- DATA EXCERPT -
═══

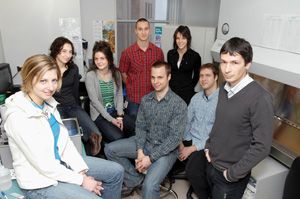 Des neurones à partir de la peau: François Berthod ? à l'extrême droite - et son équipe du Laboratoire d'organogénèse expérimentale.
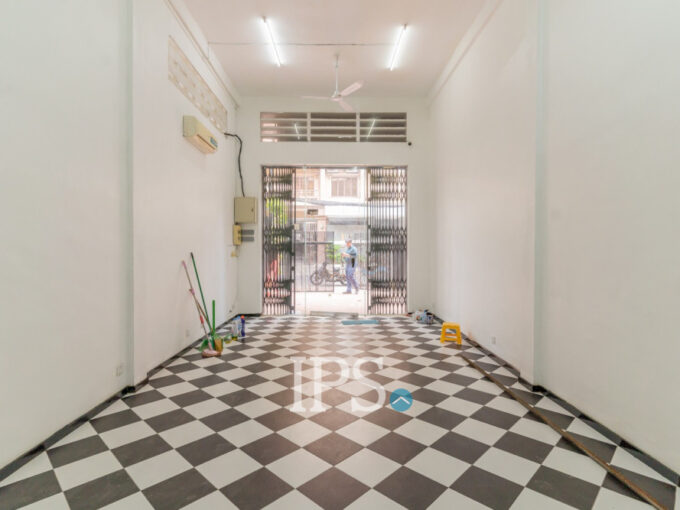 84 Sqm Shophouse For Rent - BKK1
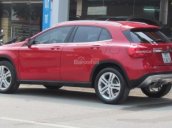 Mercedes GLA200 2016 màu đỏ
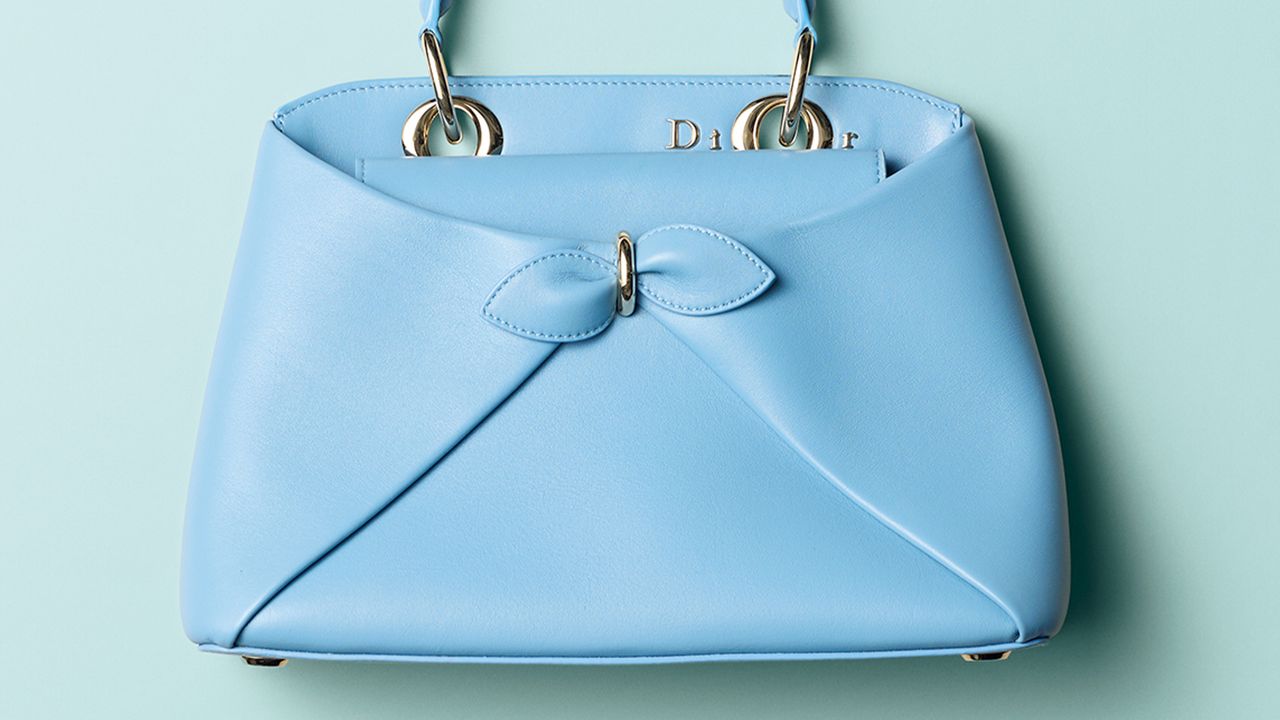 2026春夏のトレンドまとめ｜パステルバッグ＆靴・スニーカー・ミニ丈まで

═══

- AIM OF THE EXERCISE -
Print the lines from the line containing "84 Sqm Shophouse For Rent - BKK1" through the last line of the listing, exactly as they stand, and leave any pictures out.

- WRITTEN ANSWER -
 84 Sqm Shophouse For Rent - BKK1
 Mercedes GLA200 2016 màu đỏ
 2026春夏のトレンドまとめ｜パステルバッグ＆靴・スニーカー・ミニ丈まで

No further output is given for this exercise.